**WHAT IS NEEDED**
Produce a faithful copy of the data, one that leaves out the pictures.

**TASK INPUTS**
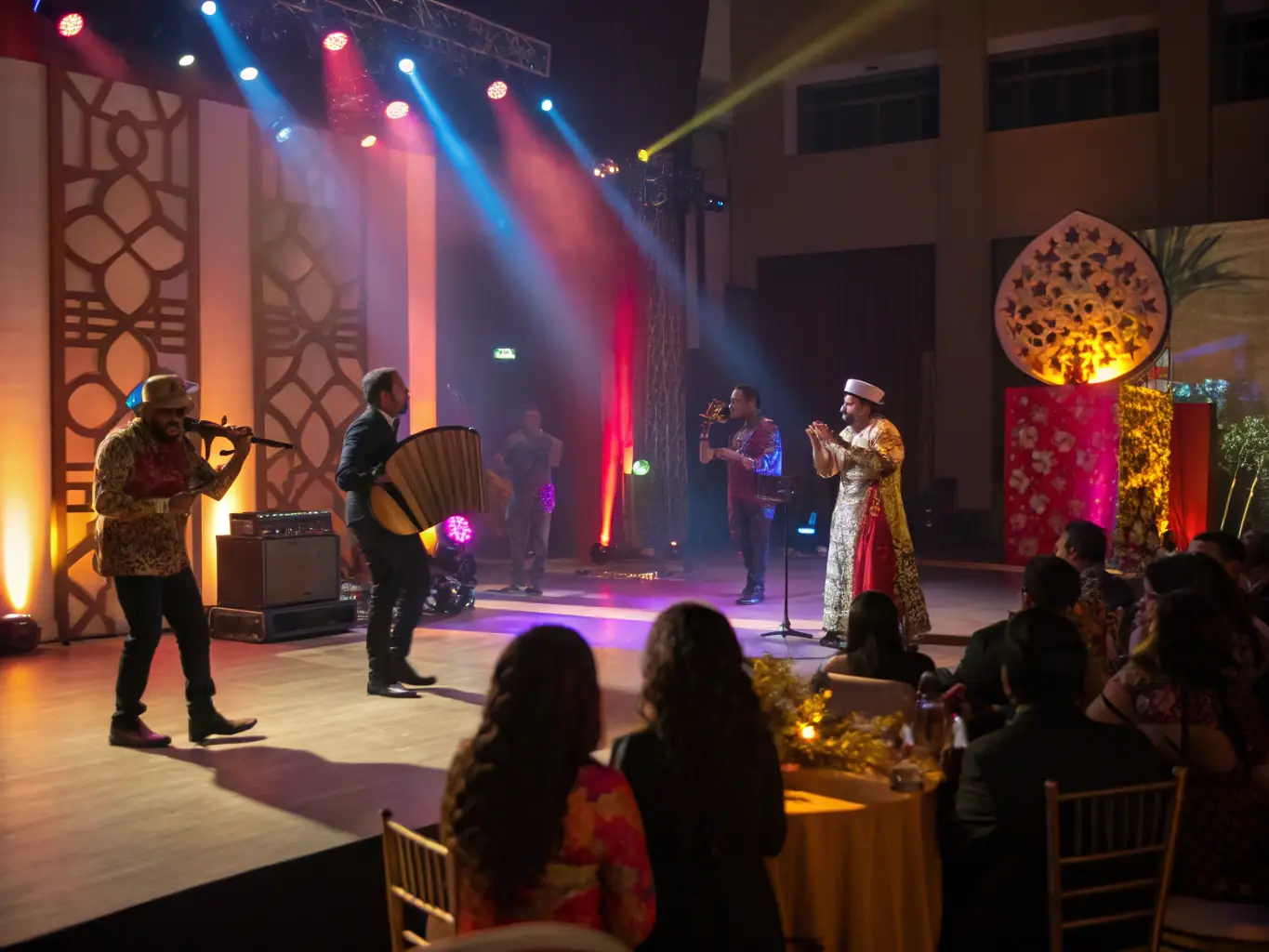 A photograph of a cultural event organized by ASSOCIATION POUR LE SOUTIEN DES ARTS SINGULIERS PLURIELS MAISON MARGUERITES, featuring live music, dance, or theatrical performance, with an enthusiastic audience.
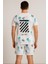 Off White Şort + T-Shirt Takım (Deniz Baskılı) Ekru 2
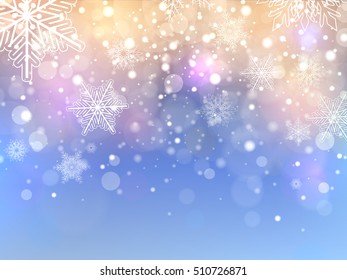 Christmas background with snowflakes, winter vector  illustration
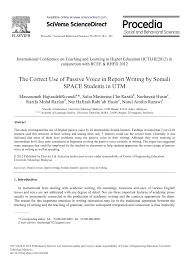 Written by tim corson and rebecca smollett, university college writing centre. Pdf The Correct Use Of Passive Voice In Report Writing By Somali Space Students In Utm
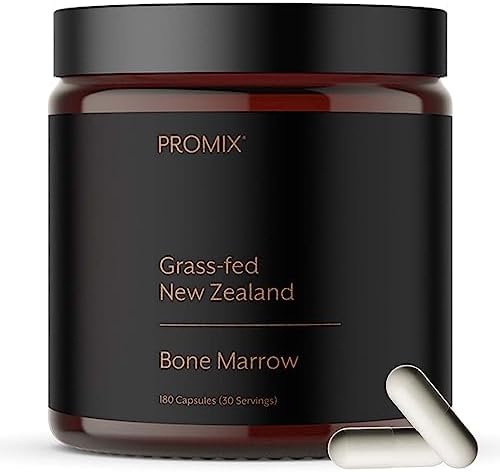 Promix Grass-Fed Beef Bone Marrow Supplement, 180 Gelatin Capsules - Rich in Collagen, Vitamins & Minerals - Raw & Freeze Dried - Promotes Healthy Joints, Bones, Cartilage, Hair, Skin & Nails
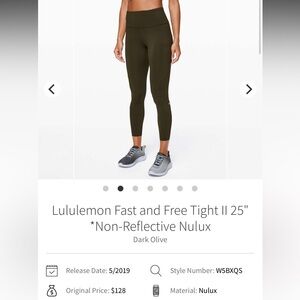 lululemon Fast and Free Tight II 25" Dark Olive Leggings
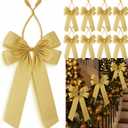 Soulchen 12 Pcs Large Christmas Bows with Garland Twist Ties Decorative 26 Inch Glitter Twist Tie Bows for Christmas Tree Wreath Garland Railings Wrapping Indoor Outdoor Holiday Party Supplies(Gold)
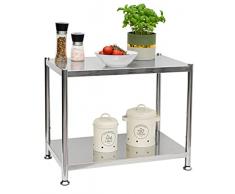 EYEPOWER shelfr 2 Ripiani Scaffale in Acciaio Inox - 60kg Scaffalatura Metallo 61x36x50 Portaoggetti Cucina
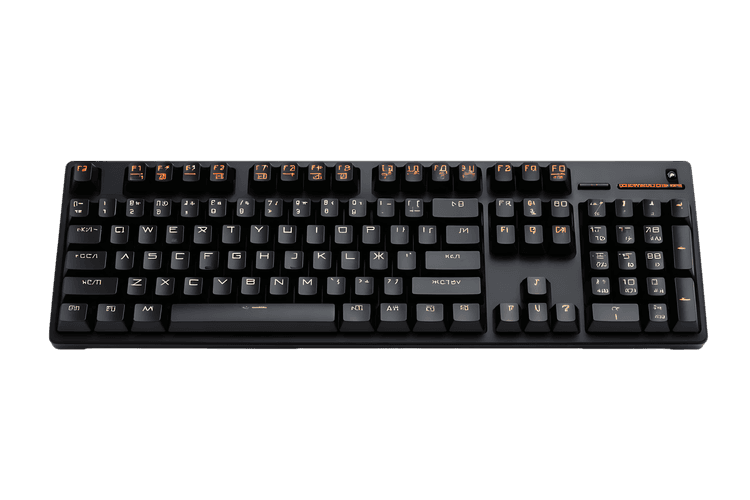 Black gaming keyboard isolated on black background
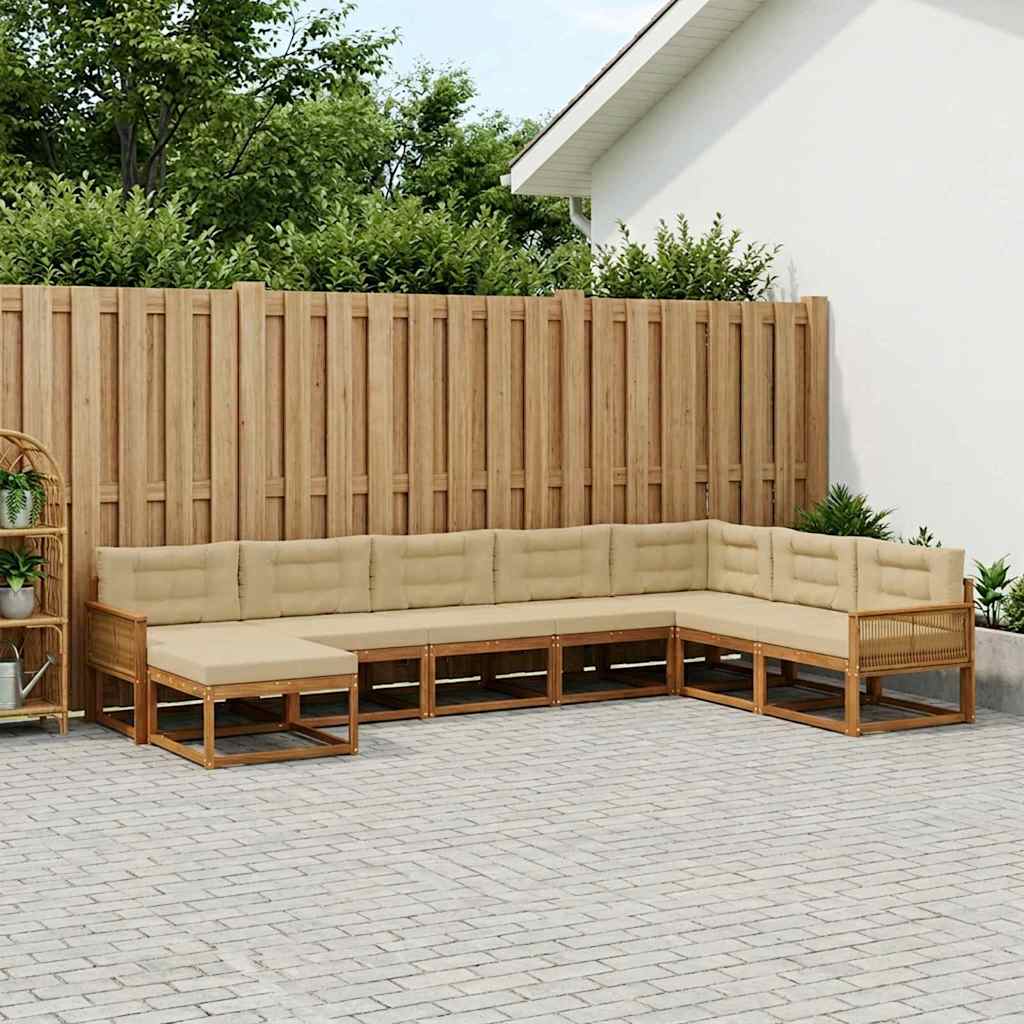 Ensemble de canapés d'extérieur 8 pcs Naturel et Beige - XIOS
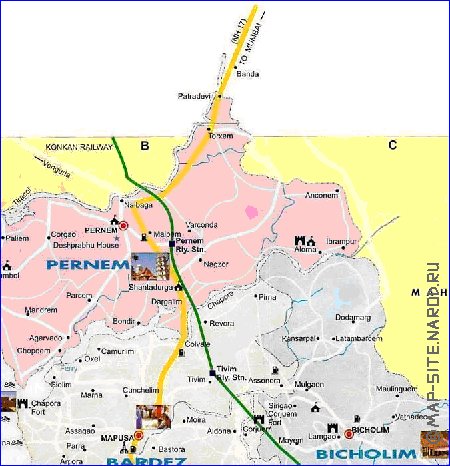 Administrativa mapa de Goa em ingles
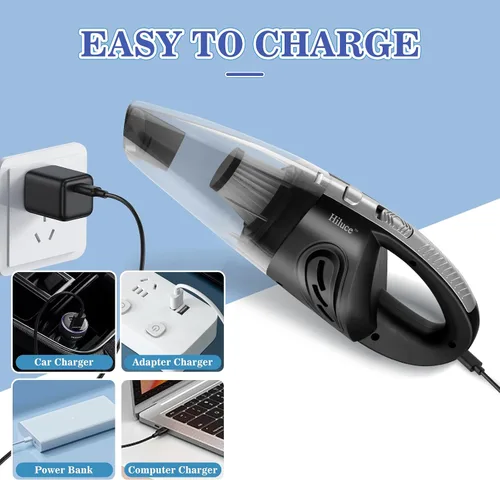 Vista 6 de Hiluce Aspiradora portátil inalámbrica para automóvil, aspiradora de mano de alta potencia para húmedo y seco, recargable por USB, ligera, bolsa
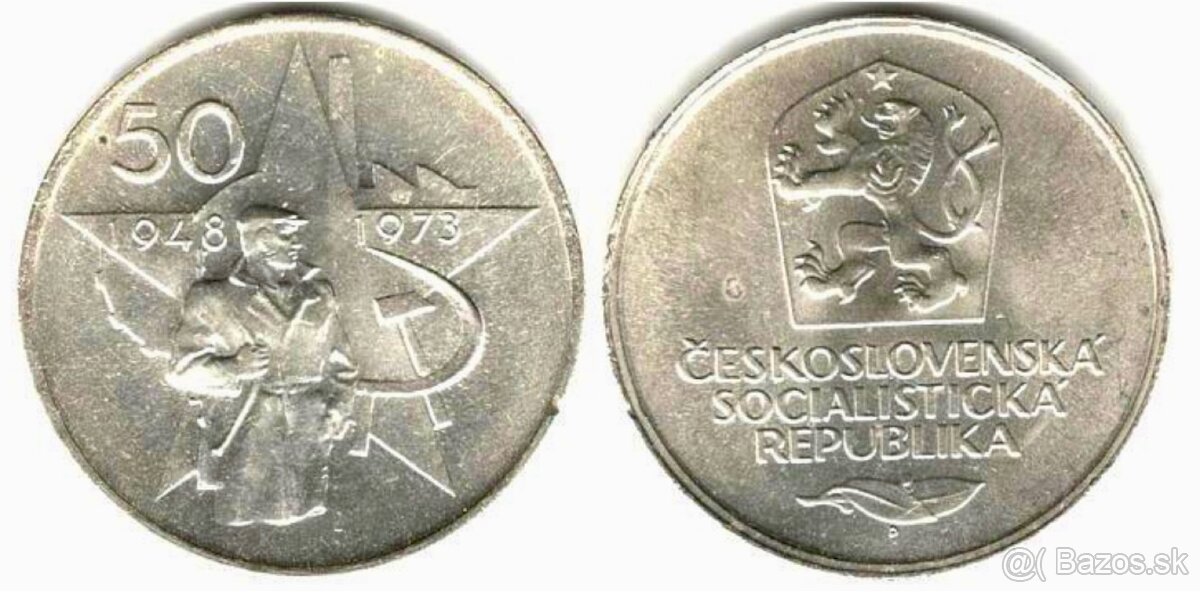 Vítězný únor 1948 - 50 Kčs 1973 striebro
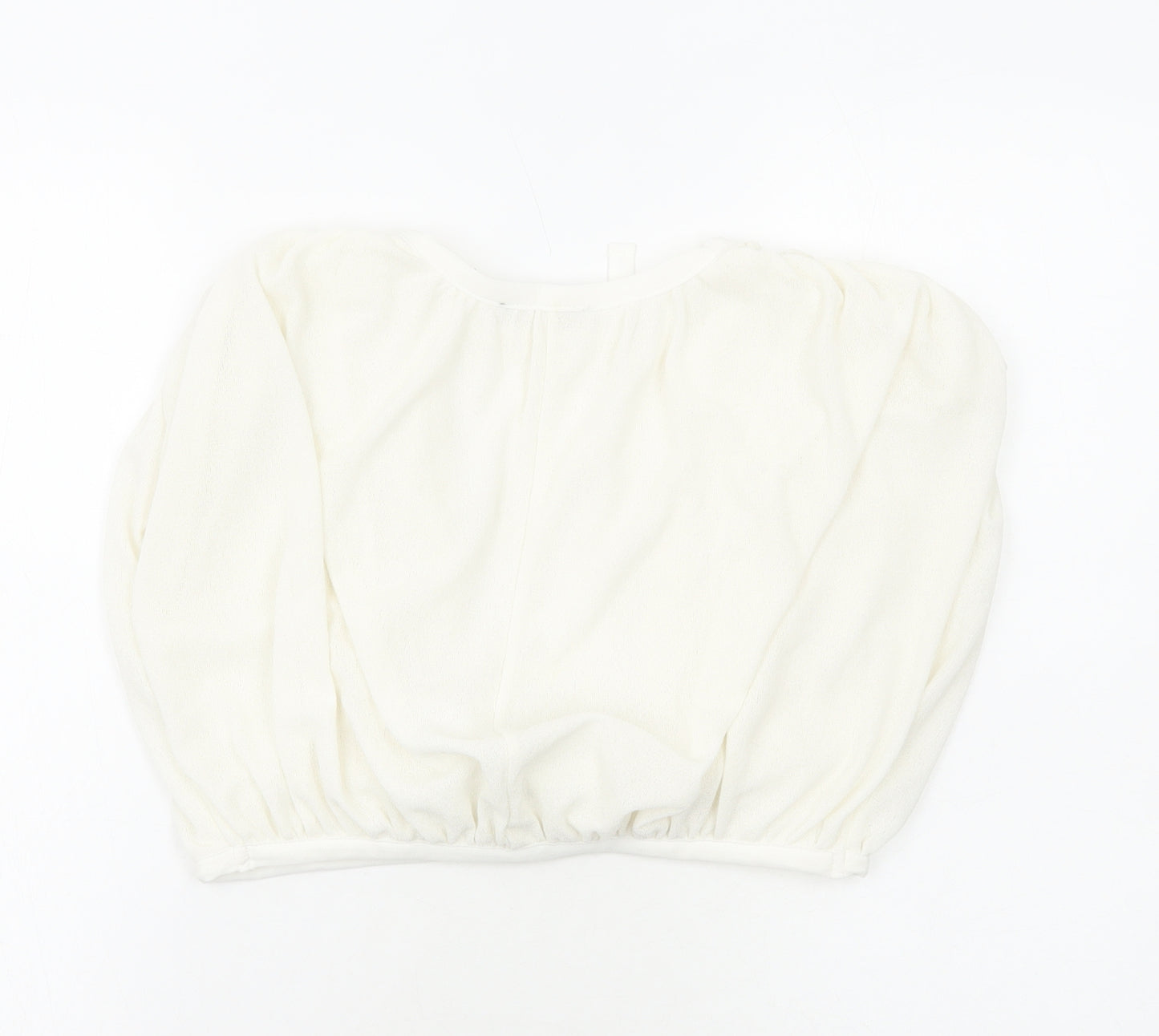 Zara Womens White Polyester Cropped Blouse Size S V-Neck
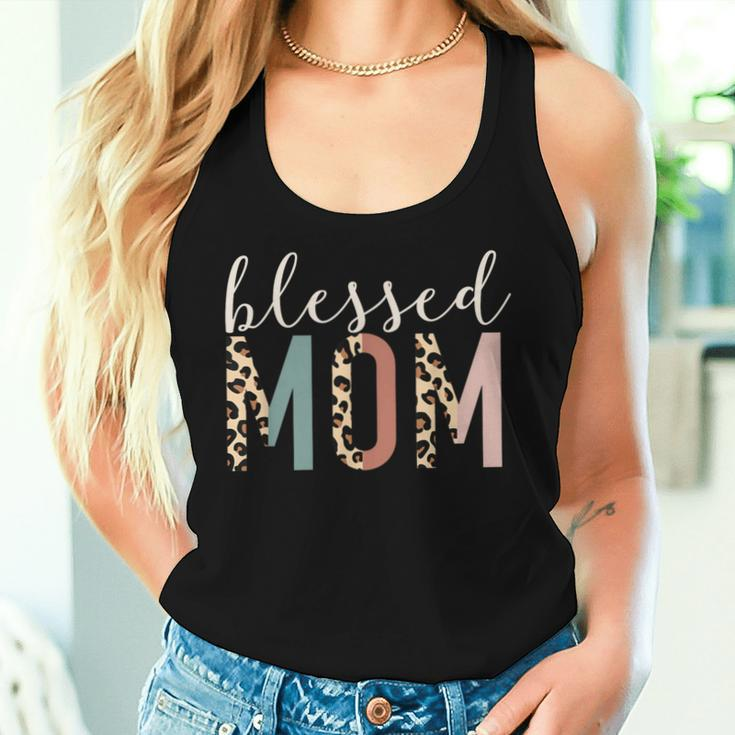 Blessed Mom Cute Leopard Print Women Tank Top Gifts for Her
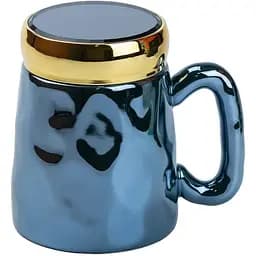 Чашка керамическая Happy Life в зеркальной глазури с крышкой синяя 450 мл HP7195BL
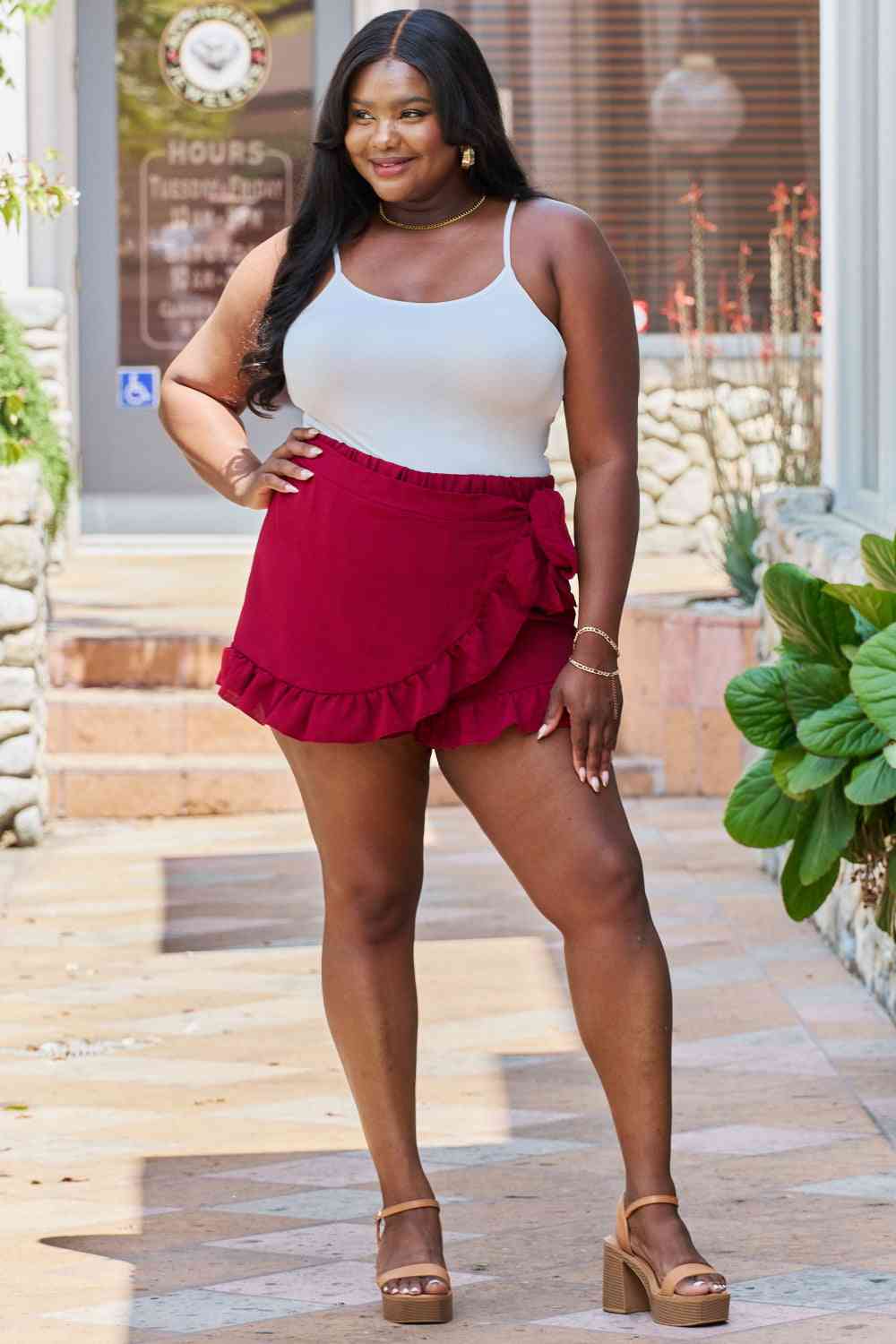 GeeGee Remember Me Plus Size Ruffled Hem Skort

**PROBLEM SOLUTION**
 A photograph of a cultural event organized by ASSOCIATION POUR LE SOUTIEN DES ARTS SINGULIERS PLURIELS MAISON MARGUERITES, featuring live music, dance, or theatrical performance, with an enthusiastic audience.
 Off White Şort + T-Shirt Takım (Deniz Baskılı) Ekru 2
 Christmas background with snowflakes, winter vector  illustration
 Written by tim corson and rebecca smollett, university college writing centre. Pdf The Correct Use Of Passive Voice In Report Writing By Somali Space Students In Utm
 Promix Grass-Fed Beef Bone Marrow Supplement, 180 Gelatin Capsules - Rich in Collagen, Vitamins & Minerals - Raw & Freeze Dried - Promotes Healthy Joints, Bones, Cartilage, Hair, Skin & Nails
 lululemon Fast and Free Tight II 25" Dark Olive Leggings
 Soulchen 12 Pcs Large Christmas Bows with Garland Twist Ties Decorative 26 Inch Glitter Twist Tie Bows for Christmas Tree Wreath Garland Railings Wrapping Indoor Outdoor Holiday Party Supplies(Gold)
 EYEPOWER shelfr 2 Ripiani Scaffale in Acciaio Inox - 60kg Scaffalatura Metallo 61x36x50 Portaoggetti Cucina
 Black gaming keyboard isolated on black background
 Ensemble de canapés d'extérieur 8 pcs Naturel et Beige - XIOS
 Administrativa mapa de Goa em ingles
 Vista 6 de Hiluce Aspiradora portátil inalámbrica para automóvil, aspiradora de mano de alta potencia para húmedo y seco, recargable por USB, ligera, bolsa
 Vítězný únor 1948 - 50 Kčs 1973 striebro
 Zara Womens White Polyester Cropped Blouse Size S V-Neck
 Blessed Mom Cute Leopard Print Women Tank Top Gifts for Her
 Чашка керамическая Happy Life в зеркальной глазури с крышкой синяя 450 мл HP7195BL
 GeeGee Remember Me Plus Size Ruffled Hem Skort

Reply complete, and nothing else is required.